AI/Automation

AI and Automation: Leading the Resurgence of Re-Engineering in the Enterprise

The key to surviving in a highly competitive environment has always been innovation. In the early twenty-first century, this took the form of enterprise-class software, namely ERP, CRM and SCM, which re-engineered the enterprise and led to the radical redesign of processes, structures and culture.

Today, the technologies powering innovation are Artificial Intelligence (AI), robotics, Natural Language Processing (NLP), IoT, and more. Unlike the early twenty-first century, innovation is no longer incremental and linear, rather it is rapid, disruptive, and seminal. From smart manufacturing to predictive analytics for legal institutions, and from hedge fund management to advanced digital service providers in telecom, enterprises across industries are turning to today’s innovative technologies to create near zero latency, hyper-efficient business models and to stay relevant in the market. As updates on the latest feat by these innovative technologies hit the newsstands, one cannot help but wonder just how smart will AI become? I suppose you wouldn’t be surprised if I said, a lot smarter. AI, for instance, will not only be able to do increasingly complex tasks, but also interact with us just like another human would. Making this happen, of course, is data and it comes from you and me.

People are increasingly living digitally-intermediated lives – through their digital assistant, smart devices, social media platforms, and even browsers. As AI accesses all this data and integrates it with machine learning capabilities, data lakes, cloud computing, robotic process automation, and mobile and voice interfaces, it becomes not just a toolset to an enterprise, but can also amplify human cognition by potentially taking the form of a friendly avatar or a coworker.

Re-engineering of the enterprise

The convergence of AI capabilities has the potential to not just push the boundaries of human experience, but to also enhance human productivity, and even launch new business models. Pricing, speed, and quality are all immediate reputation risks for enterprises in the older world order, but with AI they finally have the tool to put the genie back in the box. For instance, a nerdy data scientist sitting in a dingy corner of an office can answer questions like how an enterprise can drive 20 percent growth in market share by better sensing and shaping customer demand and experience across digital channels, or how an enterprise can improve customer satisfaction by 15-20 percent by leveraging IoT for predictive maintenance, or how it can harness automation to accelerate revenue and cost synergies for an M&A integration.

Powering this enterprise level re-engineering are millions of structured and unstructured data points which constantly scale and throw forth intelligent insights and knowledge that inform human and machine actions. The algorithm economy is also capable of extracting knowledge from one part of the enterprise and placing it in another, thus linking sectors and enabling them to learn from each other. To facilitate this re-engineering, cognitive solutions will continue being woven into the very fabric of the enterprise, transforming our ability to engage, experience, and influence our environment like never before.

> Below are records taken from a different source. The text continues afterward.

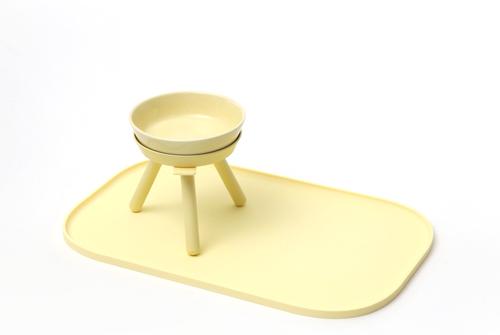 Show full view: Pets So Good Oreo Dog & Cat Mats, Lemon Yellow, Medium slide 2 of 4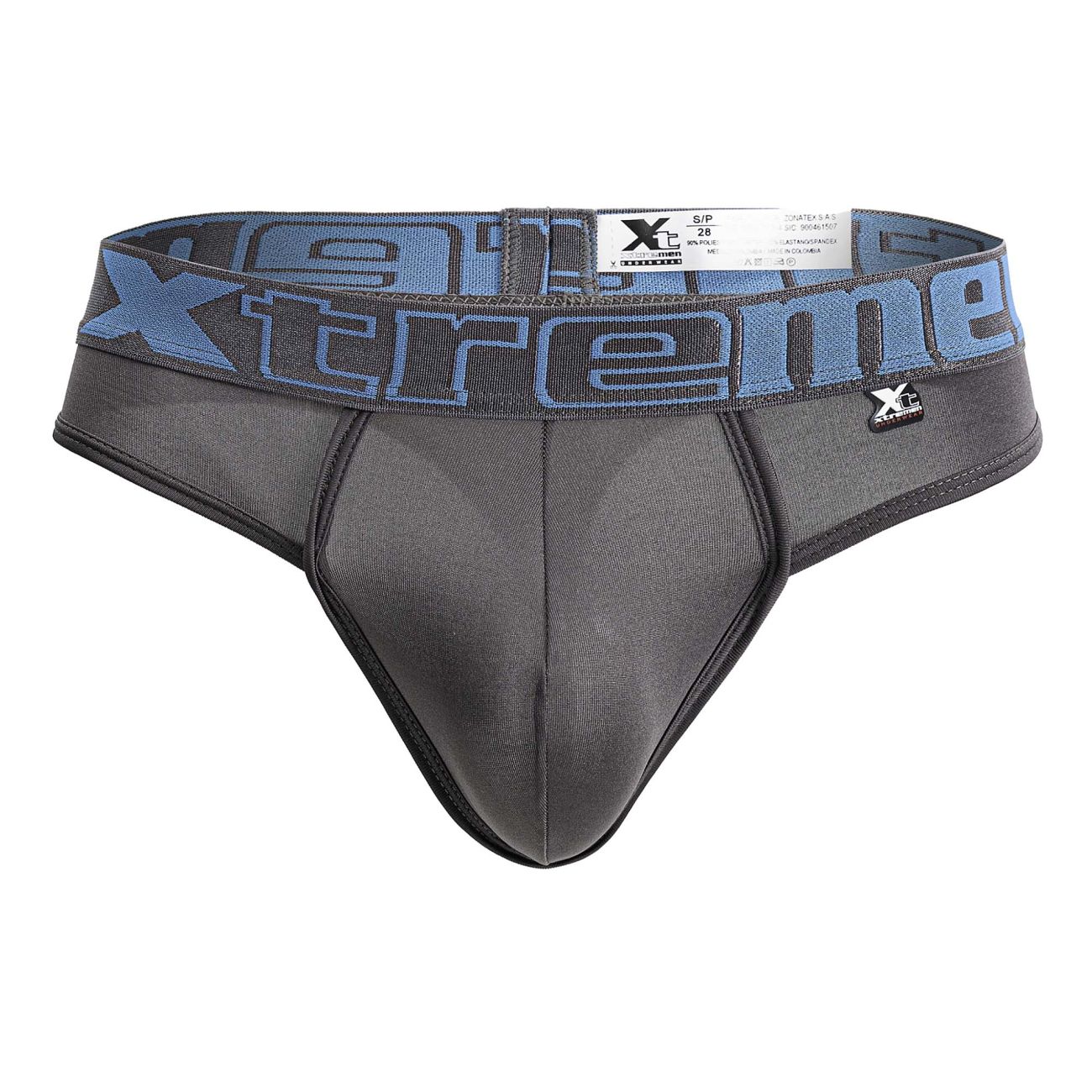 Xtremen Men's Underwear 91208B Microfiber Thongs Color Gray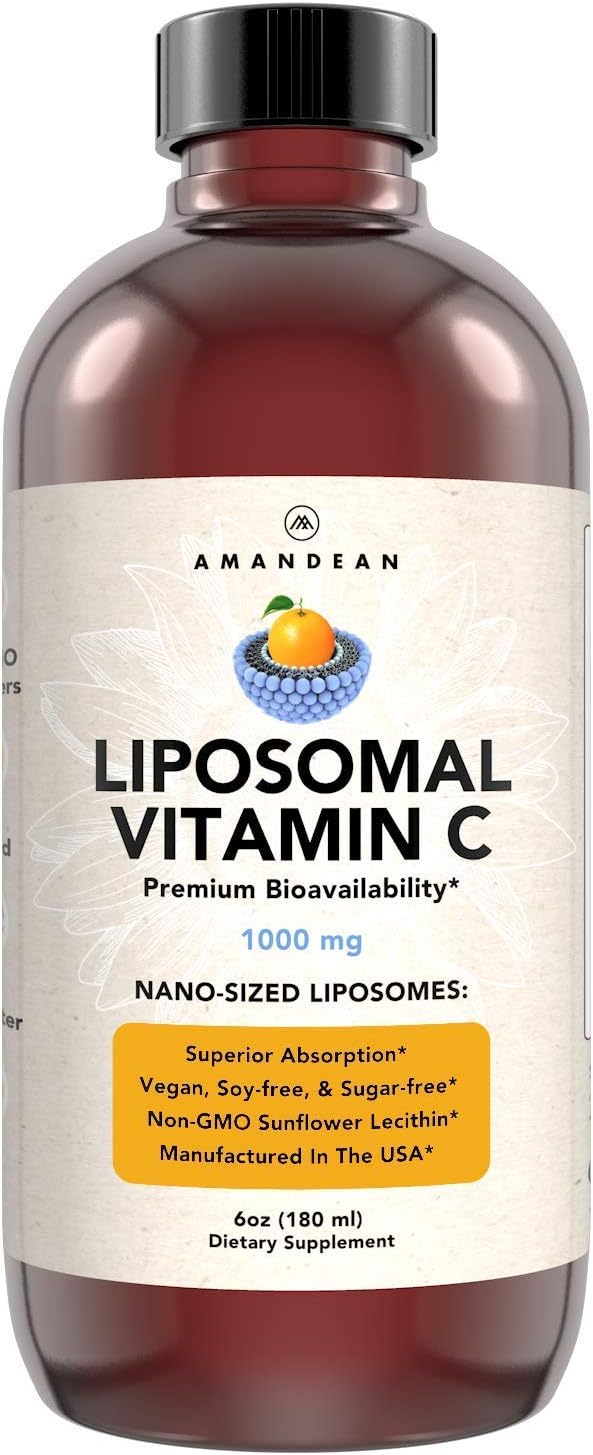 AMANDEAN Liposomal Vitamin C 1000mg. Liquid VIT C
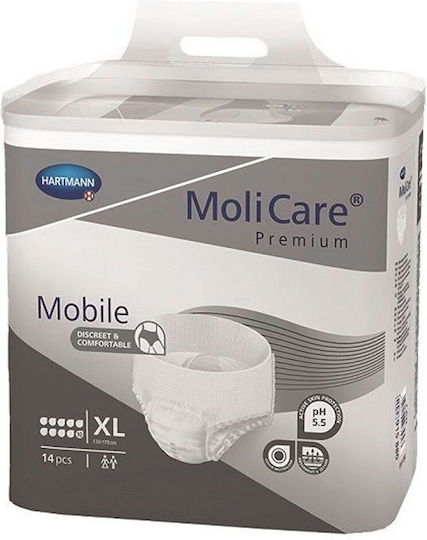 Hartmann MoliCare Premium Mobile Πάνες Βρακάκι Ακράτειας XLarge 4x14τμχ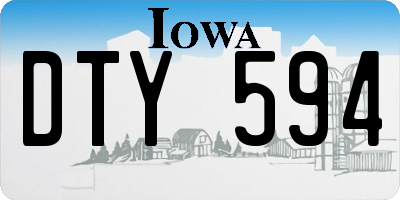 IA license plate DTY594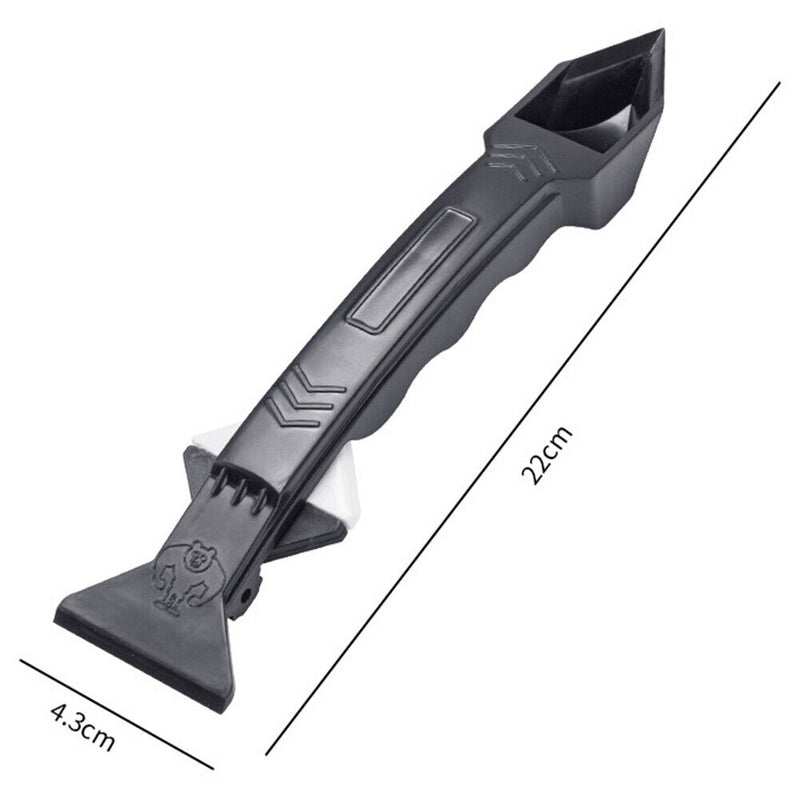 6pcs Folding Squeegee Decoration Caulking Scraper with Replacement Head (A)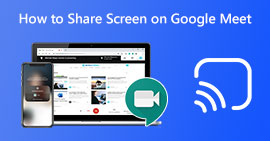 Compartir pantalla en Google Meet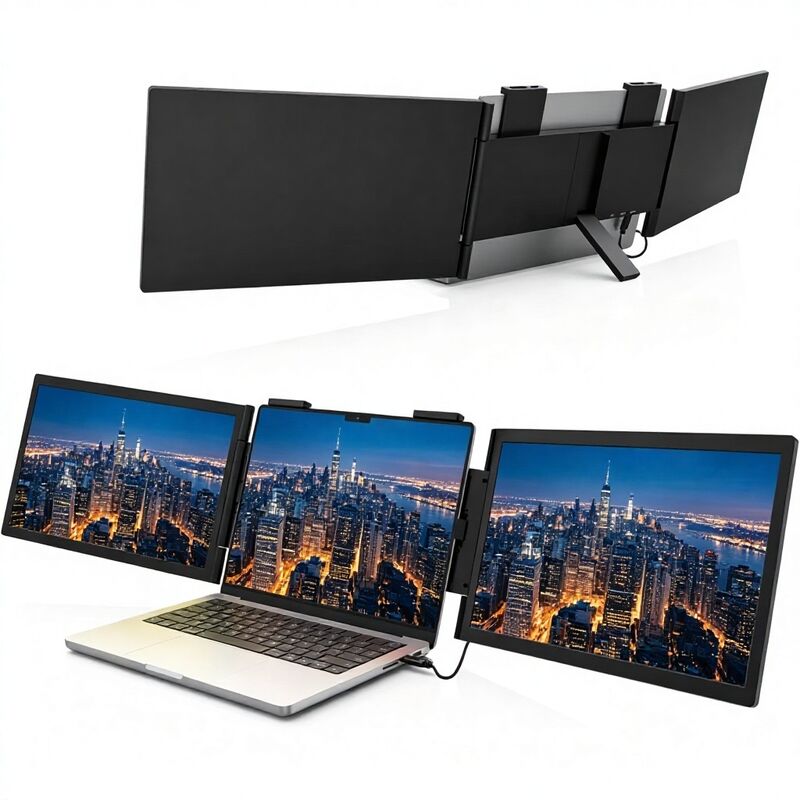 New Customizable 14Inch Dual Portable Display 6ms LED Backlit Factory Wholesale Supply for Trading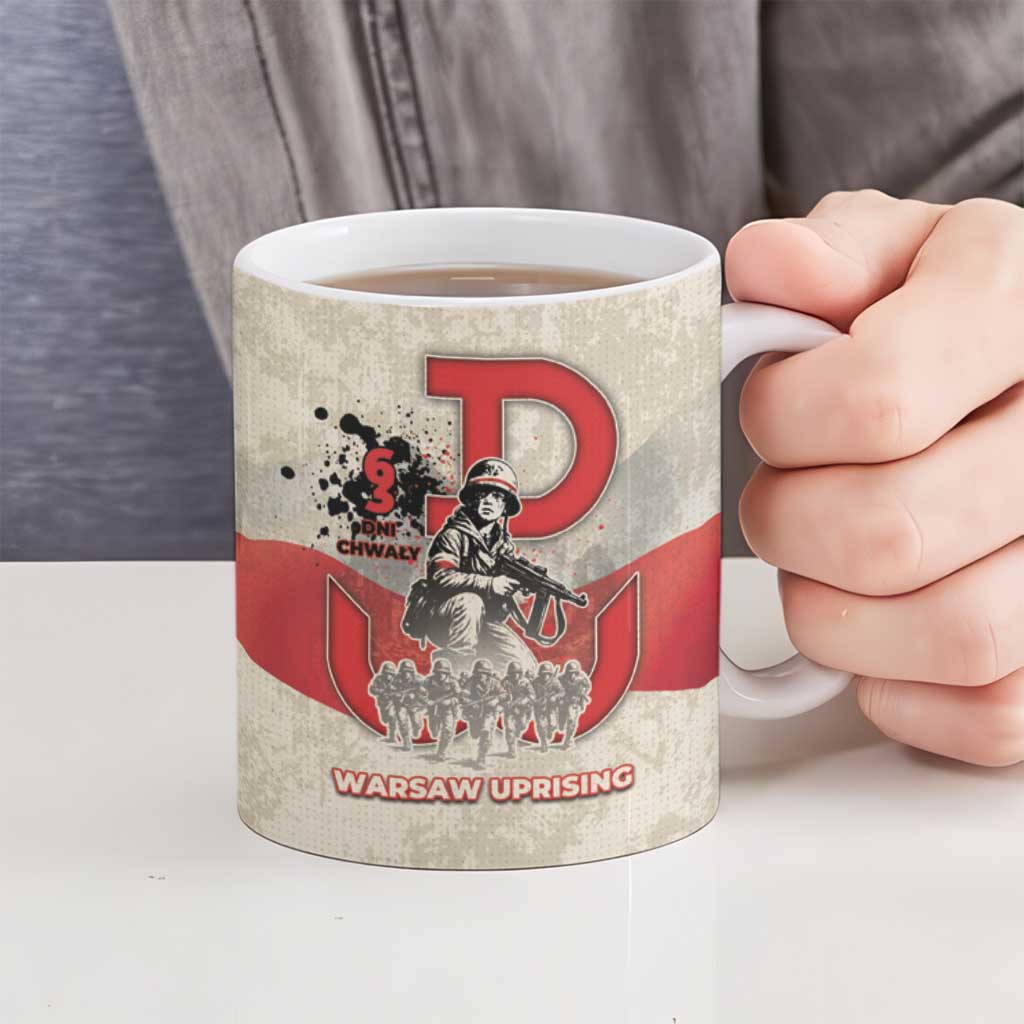 Polish Warsaw Uprising Ceramic Mug 63 Days Of Glory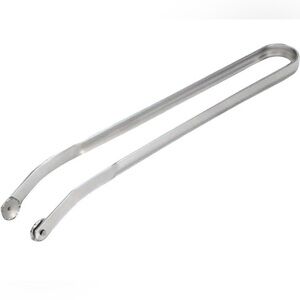 Stainless Steel Sausage Flipping Tongs, Long Handle for  BBQ Grilling, 1 pc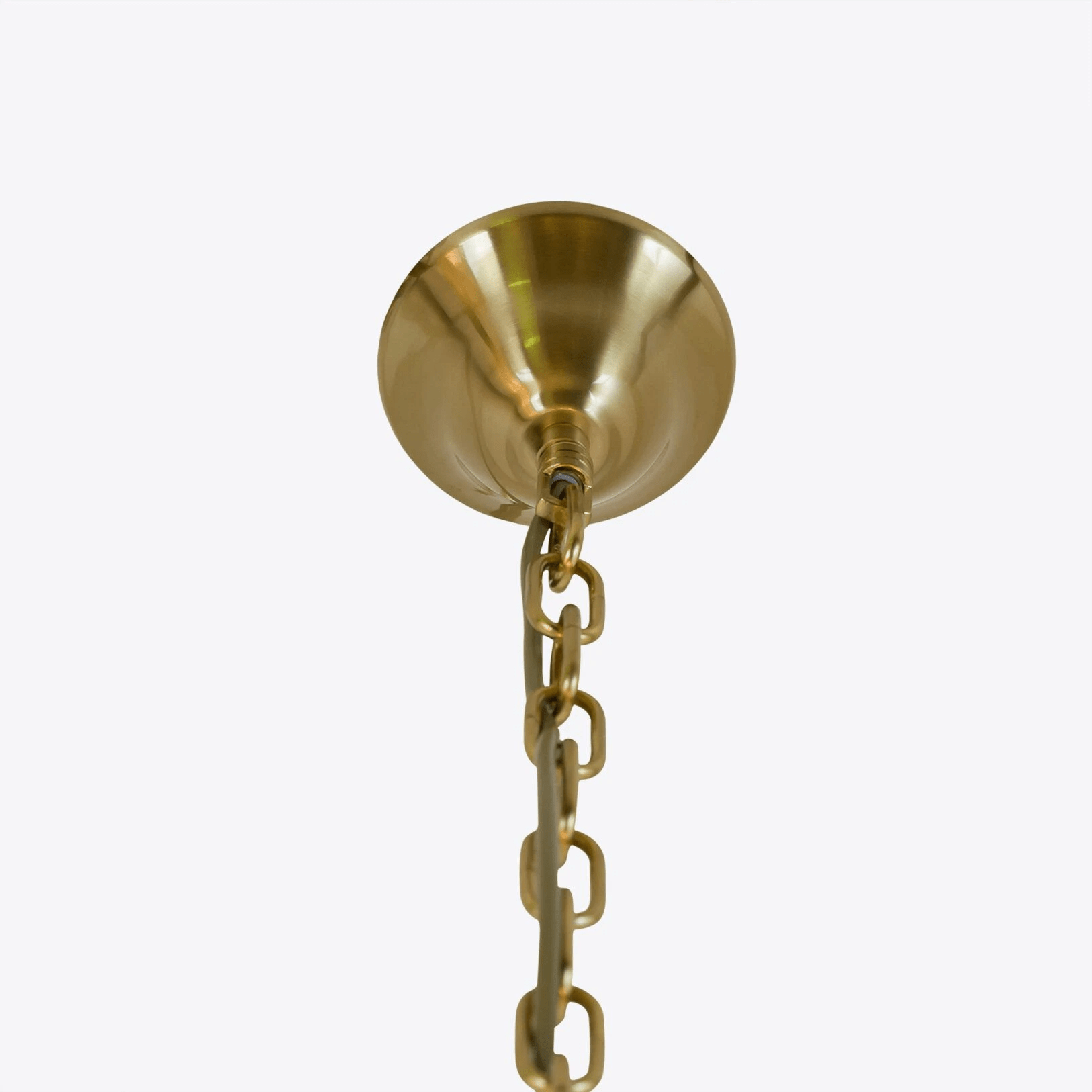 Aurora Chandelier Drum Amber Glass Elegant - Letslighting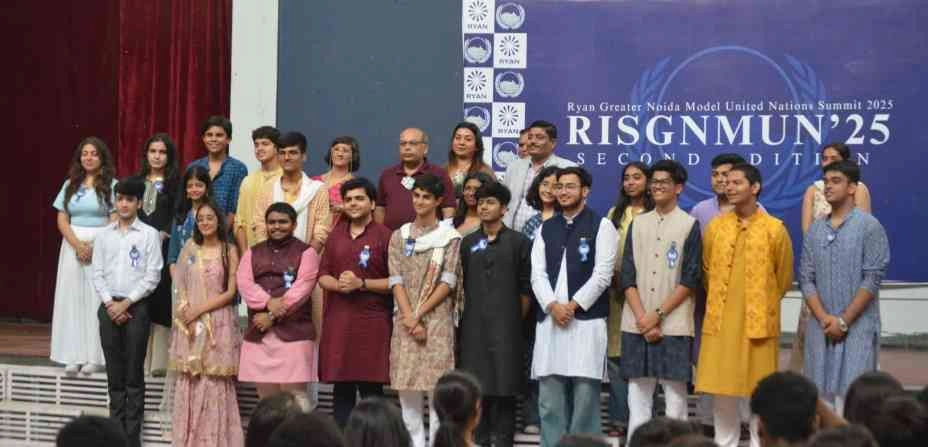 Ryan RISGNMUN 2025: “इवॉल्व, एम्पावर, एम्ब्रेस” थीम के साथ युवा नेतृत्व का बेहतरीन संगम, रयान इंटरनेशनल स्कूल ग्रेटर नोएडा में कूटनीति, संवाद और वैश्विक दृष्टिकोण का उत्सव, दिल्ली-एनसीआर के अग्रणी स्कूलों की उत्साही भागीदारी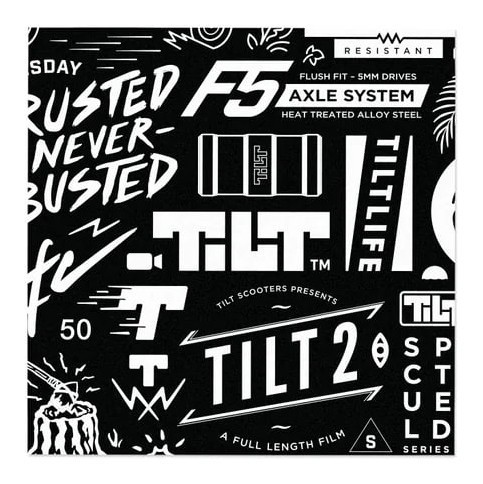 Tilt Compilation Scooter Sticker наклейка (стикер)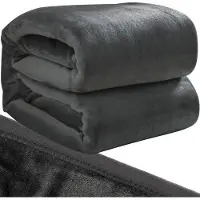 Ruhhy Decke 1,6x2m - grau 22695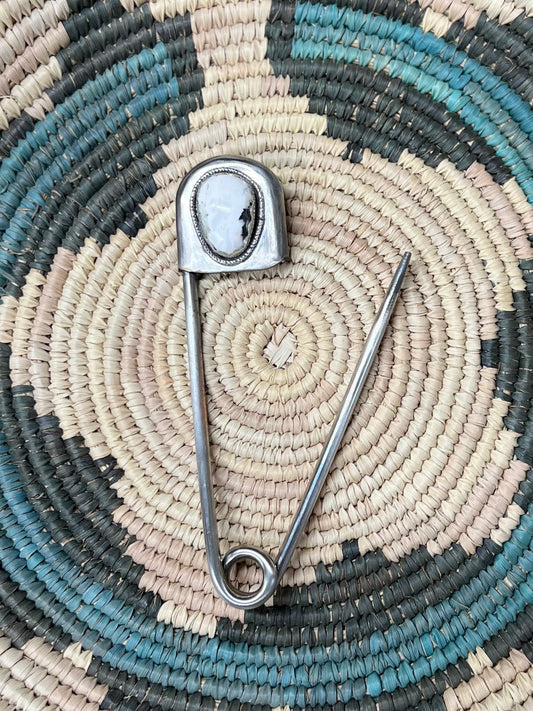 White Buffalo Diaper Pin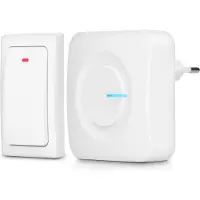 Alecto Batterifri dörrklocka Vit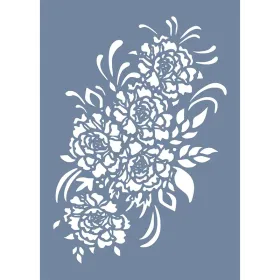 EHB35 Gül Buketi Desen Stencil 25x35cm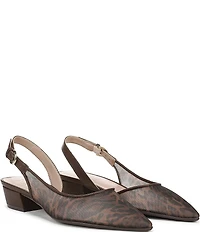 Naturalizer Banks Mesh Leopard Slingback Dress Pumps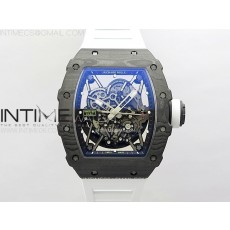 RM035-02 Real NTPT ZF All in one movement 11 Best Edition Skeleton Dial on White Rubber Strap V5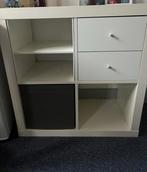 Kallax met 4 vakken met inzetten, Huis en Inrichting, Ophalen, Zo goed als nieuw, Minder dan 150 cm, Minder dan 100 cm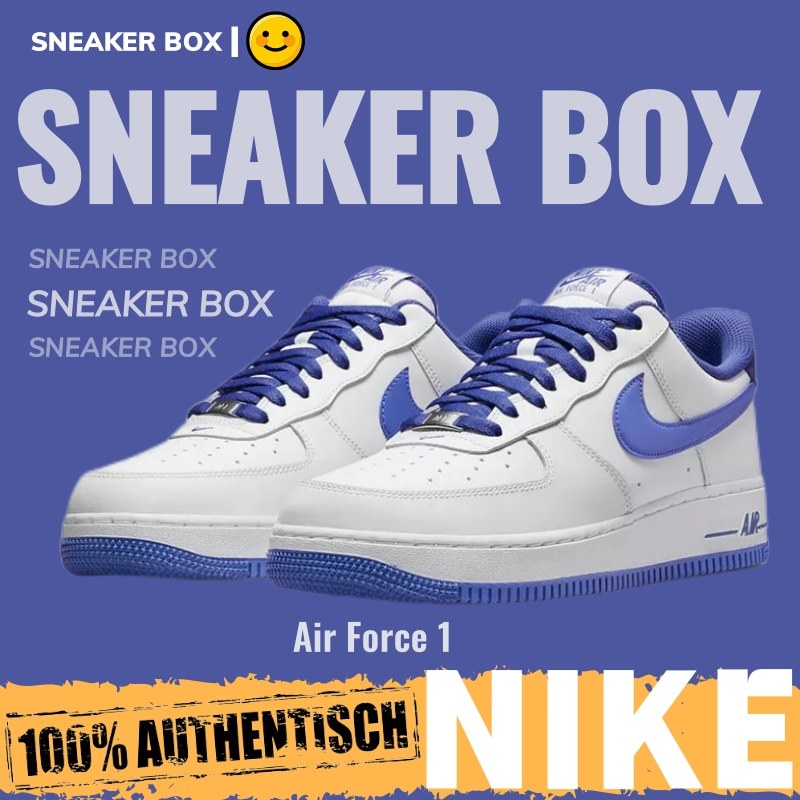【U+】Nike 鞋 Air Force 1’07 Low “白寶藍鞋帶” 男鞋 女鞋 休閒運動板鞋 空軍一號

Another big positive: AI will create new jobs that do not exist today

As the re-engineering in the enterprise gains momentum, jobs will be impacted and will have to be re-envisioned. This means enterprises will need to retrain their employees for new roles just how they did it at the onset of the industrial revolution. Employees will have to abandon tasks that are repetitive and reskill to do those that require creativity, leadership, critical thinking, and innovation. Here are some of the new jobs employees will have the opportunity to do in the near future.

  1. Training AI systems: To understand nuances in speech, such as detect sarcasm, match payments to invoices, or develop an algorithm to be ‘fair’ even against the backdrop of cultural nuances.

  2. Determining the need to deploy AI: Assessing the business impact of using AI algorithms and becoming context designers to enable smart business decisions.

  3. Evaluating: The cost of poor machine performance, including non-economic factors as an automation economist.

Even as machines are doing increasingly complex tasks, and humans are being called upon to re-envision work, AI is unearthing customer knowledge, assessing scarce resources, and finding profitable adjacencies. As in the case of Amazon which not only leads an exceptionally profitable online business, but much to our surprise, branched out into the store model as well. The enterprise is being re-engineered with AI and automation. The endeavor is to simplify customer experience. The question to every enterprise is, are you ready for this zero latency, hyper-efficient business environment?